Lo peor –suponiendo que la comida no sea mala– es que no puedes decidir casi nada: cuándo levantarte y cuándo quedarte en la cama, cuándo encender la luz o cuándo apagarla, cuándo y qué comer... Y al final, cuando te haces mayor (y te sientes más incómodo porque ya no estás tan bien como antes), te ves obligado a tenerlo todo en común: enfermedad, debilidad física y dolor sin ningún tipo de intimidad ni pudor.
Hay quien dice que en la residencia «lo tienes todo y no eres un peso para nadie», pero no es verdad. No lo tienes todo y no es la única manera que existe para no molestar a los que más quieres.
Existe una alternativa: quedarte en casa con un poco de asistencia y, cuando estás peor o te pones enfermo, que alguien te ayude en casa durante aquel tiempo. Ese servicio ya existe, pero más sobre el papel que en realidad. Las administraciones deberían garantizar la asistencia. Somos muchos los que podríamos quedarnos en nuestra casa solo con un poco de ayuda (alguien que vaya a hacer la compra, pago de recibos, algo de limpieza, etc.), o con la asistencia sanitaria a domicilio (el fisioterapeuta, el médico, la enfermera), tal como está previsto en la ley.
Y no es verdad que todo eso cueste mucho. Estos servicios cuestan dos o tres veces menos que un eventual ingreso mío en un centro de larga estancia o en una residencia. Me dicen que en otros países la situación es distinta. Pero aquí puede pasar que termines en una residencia sin ni siquiera haberlo decidido tú. No entiendo por qué se respeta la voluntad de un testamento y en cambio no se nos escucha ahora que estamos vivos cuando no queremos ir a una residencia.
He oído en la televisión que en nuestro país se destinan muchos millones para construir nuevas residencias y para crear muchas nuevas plazas. Si viviera en una barraca eso sería una buena noticia. Pero yo ya tengo una casa y una cama, ya tengo mi «plaza». No hace falta que construyáis cocinas nuevas para prepararme la comida; podéis utilizar la mía. No necesito que me hagáis una sala nueva y grande para ver la televisión; ya tengo mi televisor en la habitación. Mi cuarto de baño todavía funciona. Mi casa, como mucho, solo necesita algunas barandillas y agarraderos en la pared. Os costaría mucho menos.
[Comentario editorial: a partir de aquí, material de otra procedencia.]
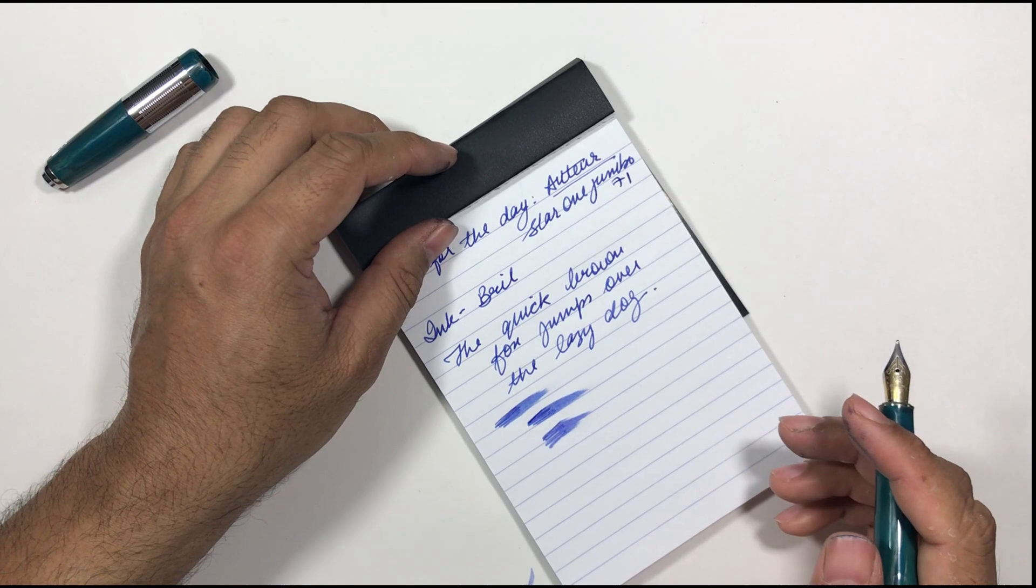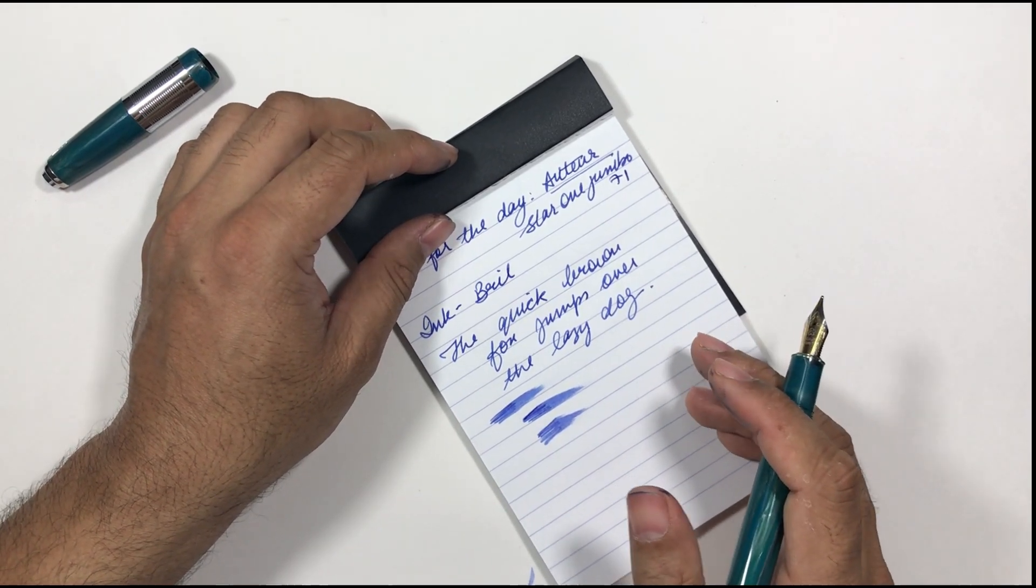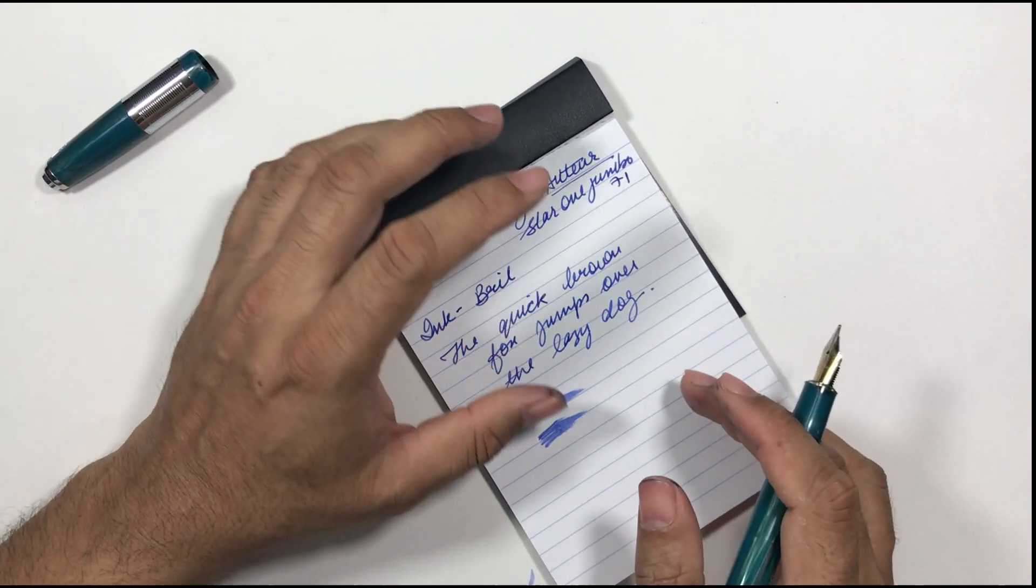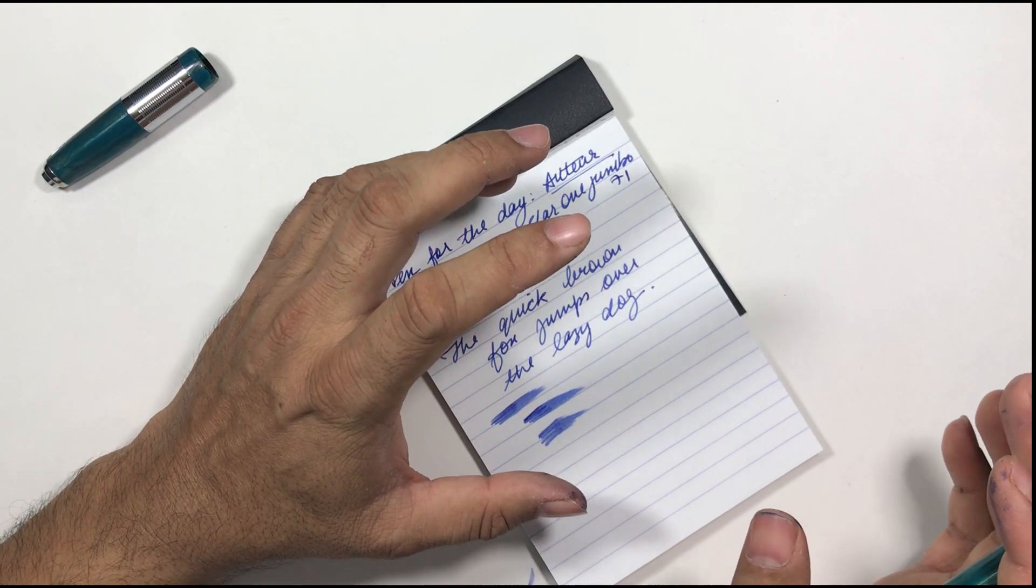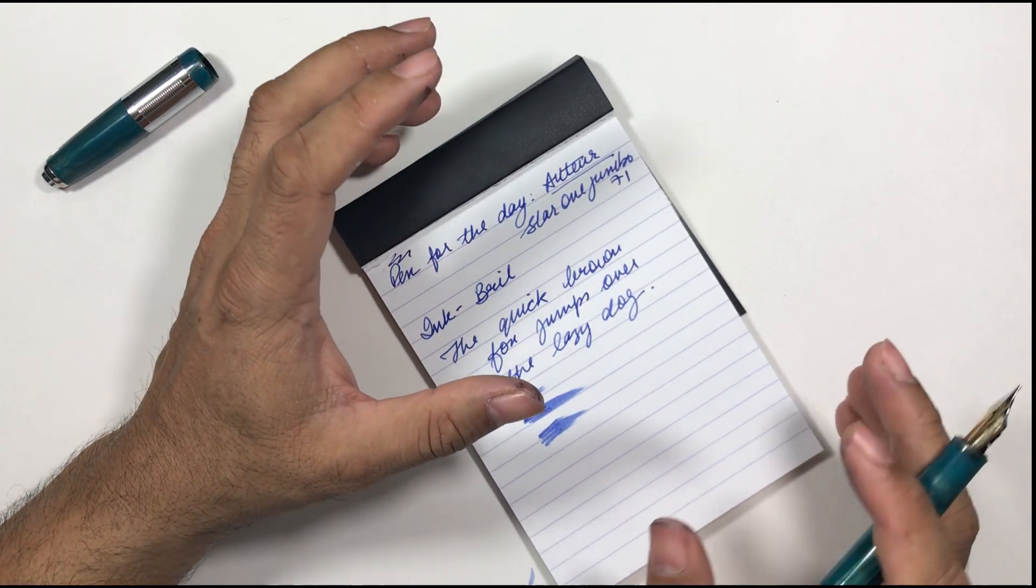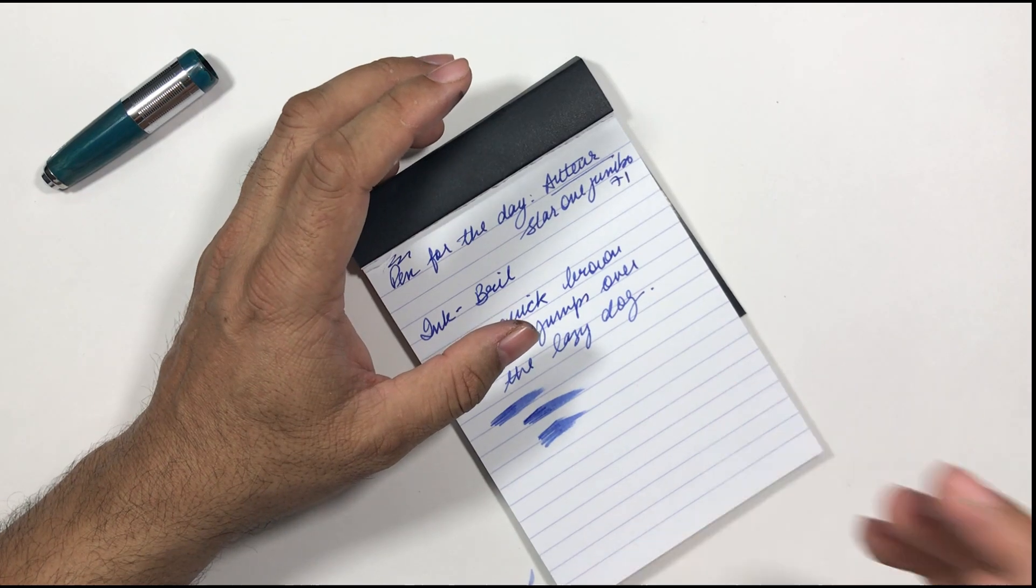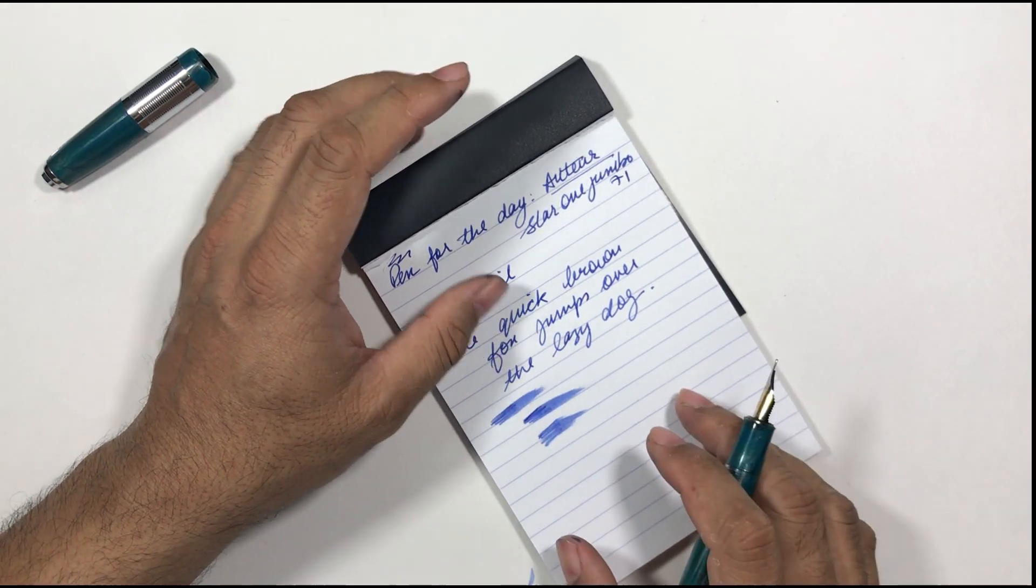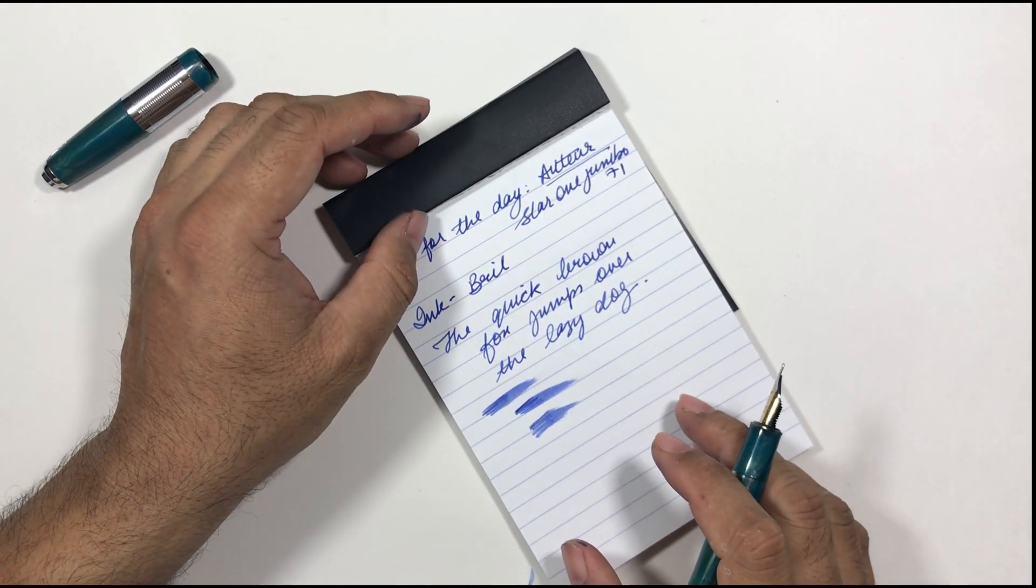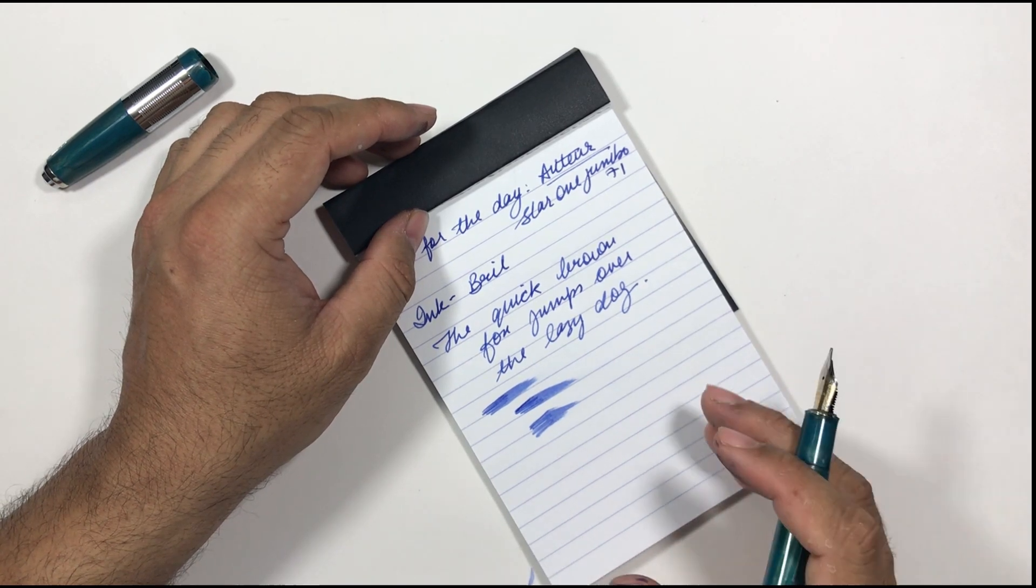So I tested the fine nib also on this pen but with fine nib the flow is not that good. Since either the nib was not good I could not, I cannot comment on that.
Lo que deseo para mi futuro es la libertad de poder elegir vivir los últimos años de mi vida en casa o en una residencia. Hoy esa libertad no la tengo. Tener asistencia a domicilio es muy difícil, casi imposible: hay muchas peticiones y el servicio todavía es muy limitado. Pero si aumentara esa asistencia a domicilio y se extendiera a todos los que la necesitan, podríais dejar de construir tantas residencias nuevas, que cuestan mucho dinero. E incluso los hospitales estarían más vacíos.
Por eso, aunque ya no soy joven, todavía quiero hacer oír mi voz y decir que no quiero ir a una residencia y que no se lo deseo a nadie. Ayudadme a mí y a todos los ancianos a quedarnos en nuestra casa y a morir entre nuestras cosas. Tal vez viviré más; seguramente viviré mejor.